As I found out during my visit, there's a lot of coming and going at Jauregui's home, which has several back units. Noriega lives in one and his two sisters each live in one. Mario's son, now 14, lives here with his mother. And so does Mario's little brother, who was removed from his mother's care and placed in protective custody. Jauregui, who couldn't bear to see him bounced around the way Mario had been, adopted the little brother, who is now 11.

As Jauregui and I spoke, a young woman appeared at the door with a bouquet of flowers. She came in and handed them to Jauregui for Mother's Day.

Anissa, 19, told me her mother has drug and alcohol problems and has been in and out of jail. Anissa spent 12 years at the daycare center with Jauregui, and two of her siblings spent time there, too.

She calls Jauregui "Mom."

"This had a huge impact," Anissa said of the time she spent in Jauregui's care.

She's now in college, works as a judicial assistant and plans to become a lawyer.

Noriega said he never felt overlooked by a mother with such a broad definition of family.
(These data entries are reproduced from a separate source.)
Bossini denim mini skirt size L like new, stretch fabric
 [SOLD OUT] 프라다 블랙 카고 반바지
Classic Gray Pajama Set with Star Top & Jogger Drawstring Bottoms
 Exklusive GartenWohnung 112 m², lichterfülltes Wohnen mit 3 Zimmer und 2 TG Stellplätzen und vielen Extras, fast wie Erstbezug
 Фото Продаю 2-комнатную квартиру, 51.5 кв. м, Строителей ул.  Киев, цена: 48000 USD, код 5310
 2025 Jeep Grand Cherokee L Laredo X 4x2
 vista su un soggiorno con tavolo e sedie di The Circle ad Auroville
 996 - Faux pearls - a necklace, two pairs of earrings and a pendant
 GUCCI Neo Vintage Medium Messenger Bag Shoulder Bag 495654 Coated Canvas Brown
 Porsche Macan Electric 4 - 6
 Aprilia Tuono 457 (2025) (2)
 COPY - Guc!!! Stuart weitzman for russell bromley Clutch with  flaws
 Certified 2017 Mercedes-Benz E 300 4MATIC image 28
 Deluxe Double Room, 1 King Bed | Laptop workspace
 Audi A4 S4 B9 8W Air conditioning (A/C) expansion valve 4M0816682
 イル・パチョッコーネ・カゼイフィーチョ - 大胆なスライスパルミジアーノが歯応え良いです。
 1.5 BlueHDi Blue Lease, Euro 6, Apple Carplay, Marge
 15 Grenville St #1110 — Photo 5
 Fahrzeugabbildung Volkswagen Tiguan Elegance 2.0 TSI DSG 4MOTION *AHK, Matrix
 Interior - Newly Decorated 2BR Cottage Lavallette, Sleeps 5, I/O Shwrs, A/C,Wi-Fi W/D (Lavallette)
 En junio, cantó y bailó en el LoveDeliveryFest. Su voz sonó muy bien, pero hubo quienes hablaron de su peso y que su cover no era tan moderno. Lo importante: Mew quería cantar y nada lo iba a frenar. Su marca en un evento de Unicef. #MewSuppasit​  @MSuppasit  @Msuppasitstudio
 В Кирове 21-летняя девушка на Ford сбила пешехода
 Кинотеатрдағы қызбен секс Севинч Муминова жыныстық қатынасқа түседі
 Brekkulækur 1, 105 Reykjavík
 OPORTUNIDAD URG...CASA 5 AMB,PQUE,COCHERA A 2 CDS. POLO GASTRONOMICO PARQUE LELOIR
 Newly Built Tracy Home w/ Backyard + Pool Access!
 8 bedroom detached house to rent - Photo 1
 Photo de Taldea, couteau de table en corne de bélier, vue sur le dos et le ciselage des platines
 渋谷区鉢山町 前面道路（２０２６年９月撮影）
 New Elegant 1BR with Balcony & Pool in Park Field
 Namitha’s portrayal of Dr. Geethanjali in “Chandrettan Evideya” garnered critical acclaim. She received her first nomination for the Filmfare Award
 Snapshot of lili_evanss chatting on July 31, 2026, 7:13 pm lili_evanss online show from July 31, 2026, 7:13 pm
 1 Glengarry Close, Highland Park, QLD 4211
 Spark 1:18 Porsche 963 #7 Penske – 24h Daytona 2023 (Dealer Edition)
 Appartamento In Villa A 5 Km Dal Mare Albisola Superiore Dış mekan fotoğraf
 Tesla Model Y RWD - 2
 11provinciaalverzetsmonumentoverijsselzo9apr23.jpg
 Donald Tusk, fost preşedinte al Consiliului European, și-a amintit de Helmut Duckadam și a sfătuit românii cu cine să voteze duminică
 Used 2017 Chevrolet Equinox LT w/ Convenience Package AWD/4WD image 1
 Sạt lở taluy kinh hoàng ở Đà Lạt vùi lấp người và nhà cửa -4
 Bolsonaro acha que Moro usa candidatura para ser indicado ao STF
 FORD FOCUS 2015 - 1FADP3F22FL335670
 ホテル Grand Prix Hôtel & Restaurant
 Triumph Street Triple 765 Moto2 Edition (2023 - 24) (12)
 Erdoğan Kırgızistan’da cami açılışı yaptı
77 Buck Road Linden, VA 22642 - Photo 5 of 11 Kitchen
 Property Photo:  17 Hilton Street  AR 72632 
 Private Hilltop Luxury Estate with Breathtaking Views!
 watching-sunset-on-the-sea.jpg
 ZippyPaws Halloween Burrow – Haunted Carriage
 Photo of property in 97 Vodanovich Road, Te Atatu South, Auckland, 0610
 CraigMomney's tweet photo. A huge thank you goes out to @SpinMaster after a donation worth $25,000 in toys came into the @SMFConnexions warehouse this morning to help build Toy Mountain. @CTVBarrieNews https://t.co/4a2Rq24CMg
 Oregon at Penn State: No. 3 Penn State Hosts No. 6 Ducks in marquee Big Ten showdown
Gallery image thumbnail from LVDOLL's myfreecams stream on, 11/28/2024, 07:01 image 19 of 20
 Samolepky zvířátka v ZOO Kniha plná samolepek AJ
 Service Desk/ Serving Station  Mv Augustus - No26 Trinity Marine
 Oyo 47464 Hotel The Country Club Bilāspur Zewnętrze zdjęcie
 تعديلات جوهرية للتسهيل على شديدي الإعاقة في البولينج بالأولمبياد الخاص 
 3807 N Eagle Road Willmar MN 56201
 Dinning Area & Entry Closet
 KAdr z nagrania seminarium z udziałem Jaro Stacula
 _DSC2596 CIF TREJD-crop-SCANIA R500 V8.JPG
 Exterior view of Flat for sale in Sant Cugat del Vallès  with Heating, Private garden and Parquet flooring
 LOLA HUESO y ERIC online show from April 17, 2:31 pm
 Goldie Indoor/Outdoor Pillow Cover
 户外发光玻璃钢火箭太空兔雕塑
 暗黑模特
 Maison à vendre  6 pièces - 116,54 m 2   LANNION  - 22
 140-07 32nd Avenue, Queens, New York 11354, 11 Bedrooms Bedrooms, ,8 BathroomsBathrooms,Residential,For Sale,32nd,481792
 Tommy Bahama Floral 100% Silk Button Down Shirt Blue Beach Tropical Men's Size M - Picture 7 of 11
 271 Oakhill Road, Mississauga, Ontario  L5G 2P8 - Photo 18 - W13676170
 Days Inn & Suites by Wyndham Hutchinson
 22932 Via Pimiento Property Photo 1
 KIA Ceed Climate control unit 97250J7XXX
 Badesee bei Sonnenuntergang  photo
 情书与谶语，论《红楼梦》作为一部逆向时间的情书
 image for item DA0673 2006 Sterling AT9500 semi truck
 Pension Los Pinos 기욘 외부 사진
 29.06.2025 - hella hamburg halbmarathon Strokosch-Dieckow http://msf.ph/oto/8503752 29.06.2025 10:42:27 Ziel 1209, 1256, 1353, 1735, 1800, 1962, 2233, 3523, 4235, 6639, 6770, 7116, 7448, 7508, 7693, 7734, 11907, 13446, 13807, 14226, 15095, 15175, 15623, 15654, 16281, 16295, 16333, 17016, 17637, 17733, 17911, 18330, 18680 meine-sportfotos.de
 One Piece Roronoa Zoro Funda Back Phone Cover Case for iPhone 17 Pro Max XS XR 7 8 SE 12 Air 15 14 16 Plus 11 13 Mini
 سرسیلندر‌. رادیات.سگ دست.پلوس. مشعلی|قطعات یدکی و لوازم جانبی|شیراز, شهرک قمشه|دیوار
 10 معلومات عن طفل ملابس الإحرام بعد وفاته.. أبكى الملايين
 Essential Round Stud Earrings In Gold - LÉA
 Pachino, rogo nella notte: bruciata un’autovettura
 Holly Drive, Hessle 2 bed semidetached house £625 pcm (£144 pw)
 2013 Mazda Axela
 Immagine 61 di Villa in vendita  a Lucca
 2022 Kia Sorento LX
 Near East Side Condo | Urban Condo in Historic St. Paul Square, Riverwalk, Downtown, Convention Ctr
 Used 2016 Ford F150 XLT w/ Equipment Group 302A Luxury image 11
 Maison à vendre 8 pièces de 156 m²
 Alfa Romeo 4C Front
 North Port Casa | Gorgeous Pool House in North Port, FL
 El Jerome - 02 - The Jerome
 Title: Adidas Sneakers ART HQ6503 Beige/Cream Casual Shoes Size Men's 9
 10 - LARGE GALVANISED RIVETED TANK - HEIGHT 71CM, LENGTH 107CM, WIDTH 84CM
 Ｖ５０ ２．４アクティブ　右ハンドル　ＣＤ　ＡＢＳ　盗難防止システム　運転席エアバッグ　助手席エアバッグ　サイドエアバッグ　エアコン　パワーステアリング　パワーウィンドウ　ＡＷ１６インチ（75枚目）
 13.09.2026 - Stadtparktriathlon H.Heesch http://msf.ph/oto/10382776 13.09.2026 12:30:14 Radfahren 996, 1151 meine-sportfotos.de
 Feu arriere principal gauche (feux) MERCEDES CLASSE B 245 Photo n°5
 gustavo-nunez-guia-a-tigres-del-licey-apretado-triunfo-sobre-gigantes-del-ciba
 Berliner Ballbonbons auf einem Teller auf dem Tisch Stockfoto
The way he grew up was just the way things were.

"She's an inspiration," he said.

Noriega is about to leave Cal State L.A. with a master's degree. He's on his way to Chapman University, where he'll study for a doctorate in education, with plans to become a college professor.

In the paper he wrote for my class, Noriega said his grandfather rides through the streets of East L.A. on his bicycle, collecting discarded toys. He keeps some in a backyard shrine and says the toys represent the spirits of lost children. Others, he fixes, and they end up in the daycare center.

"Souls don't become lost on purpose," Noriega wrote. "They are neglected, pushed away, never given proper guidance. But in East L.A., there is a woman providing care for those souls, both lost and found."